Anderson is prepared to watch people walk out of his presentation, he said. Remote data management puts a premium on clear electronic communication. If you have a colleague down the hall, you can walk over to explain your instructions, your problems, your sense of humor, your idea. That’s harder if your colleague is in Shanghai. On email, there is no body language. “I’m much more concerned about execution,” says Anderson. “Your execution has to be better than ever before, or you won’t be able to take advantage of the opportunity.”

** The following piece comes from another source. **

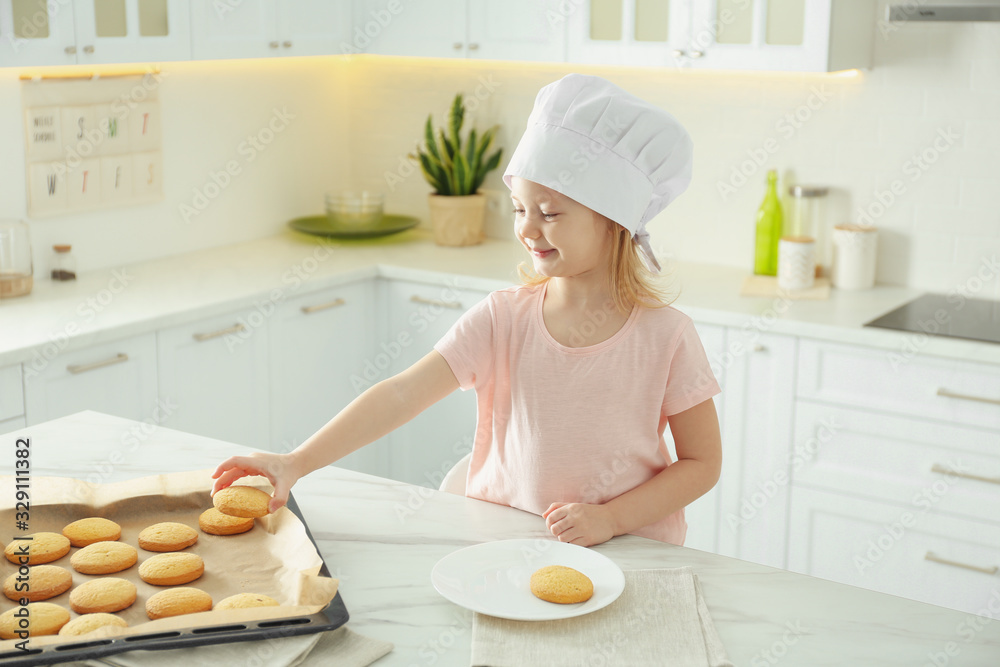 Little girl wearing chef hat baking cookies in kitchen Little girl wearing chef hat baking cookies in kitchen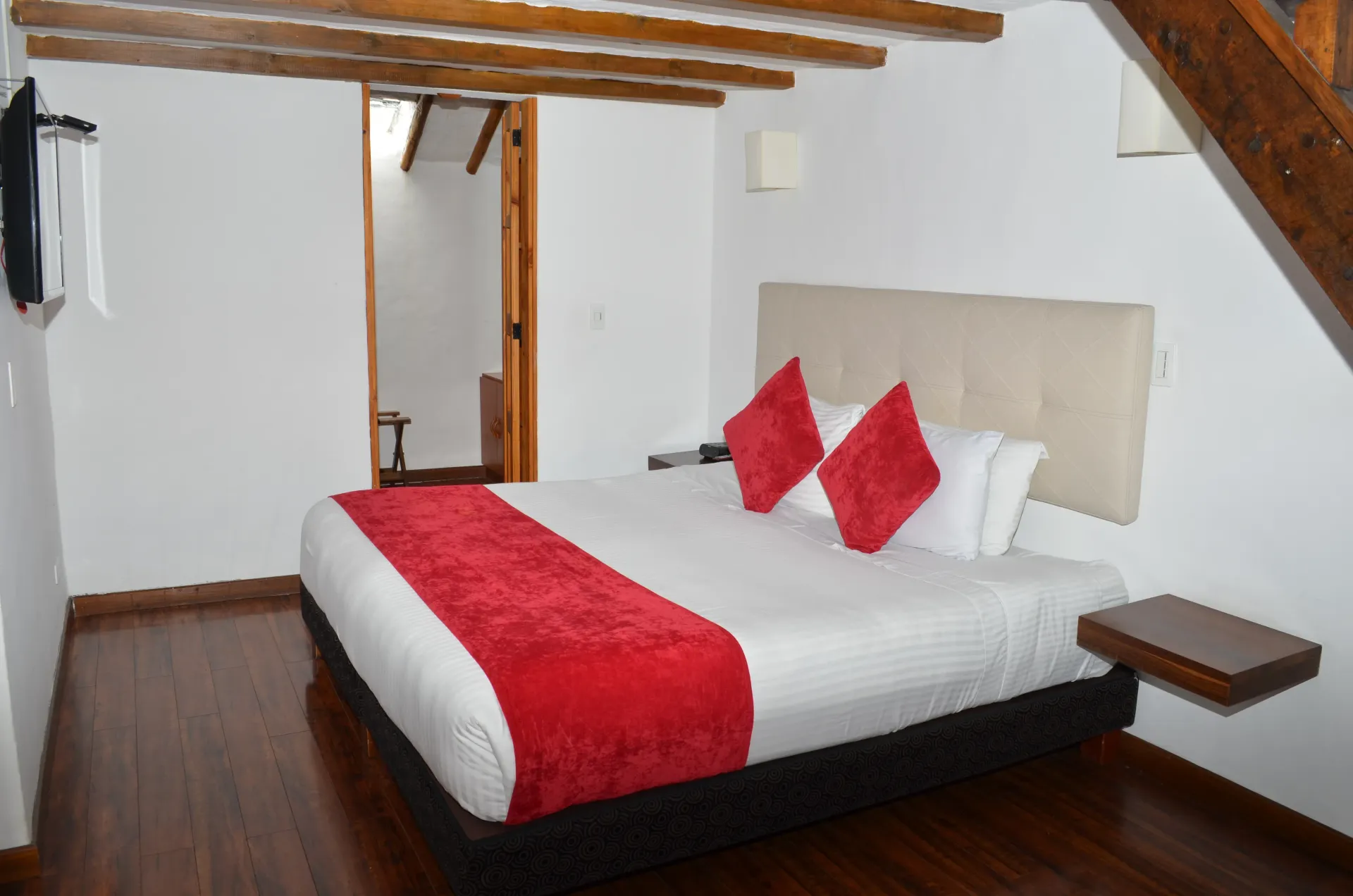 Dormitorio con cama, detalles en rojo y vigas de madera. Puerta abierta al baño.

In the same session, the attendees had the pleasure of listening to Lauri Sirabella, executive director and site head, clinical study and data management, at Pfizer. Having also worked at Bayer, she’s been doing this stuff twice as long as Anderson. If you’re counting, that means she started late in the 1970s.
Sirabella’s crystal ball has a vision that is similar to Anderson’s. She believes that the traditional clinical data management job is being reinvented across the industry. So-called “soft” skills, people management skills, which cannot be squished into a shrink-wrapped box, will come into their own. It’s not about locking a database. It’s about building relationships and teams.
Sirabella cheerfully related a bit about some recent reorganizations at Pfizer, some of which have been triggered by massive acquisitions like the Pharmacia purchase. Some have been more strategic. It’s not clear the process has finished. But the company’s commitment to electronic data capture (EDC), she says, is complete. “We still do a few paper studies, but we are primarily an EDC organization,” Sirabella said.
At Pfizer, she reported, her data managers are learning to manage the FSPs. What, you may ask, is an FSP? A functional service provider. Perhaps it’s a clinical site manager. A central lab. A statistical firm. Classical data management. Each such entity typically works under a master contract with pre-negotiated pricing.“ These partners are all off-site,” said Sirabella. “You can move them from project to project. This is a new model. People have to get used to working in a virtual world.”
Pfizer, she said, believes that its own staff will need strong project management skills. She didn’t say this, exactly, but our impression was that some of the old data managers are adapting well—and others may not be. It can be hard to resist the temptation to “hover,” as it were, over the shoulder of the person doing the work you used to perform a dozen time zones away.
Sirabella added: “The key is training. The skill we are working on most is how to be a project manager and oversee others. These people know data management very well. They’re used to doing that themselves. They now have to move away from that and oversee someone else, who is not there, who is halfway across the world. How do you let go of doing the work yourself? How much do you delegate? It’s a lot of soft skills. It’s not a lot of technical skills.”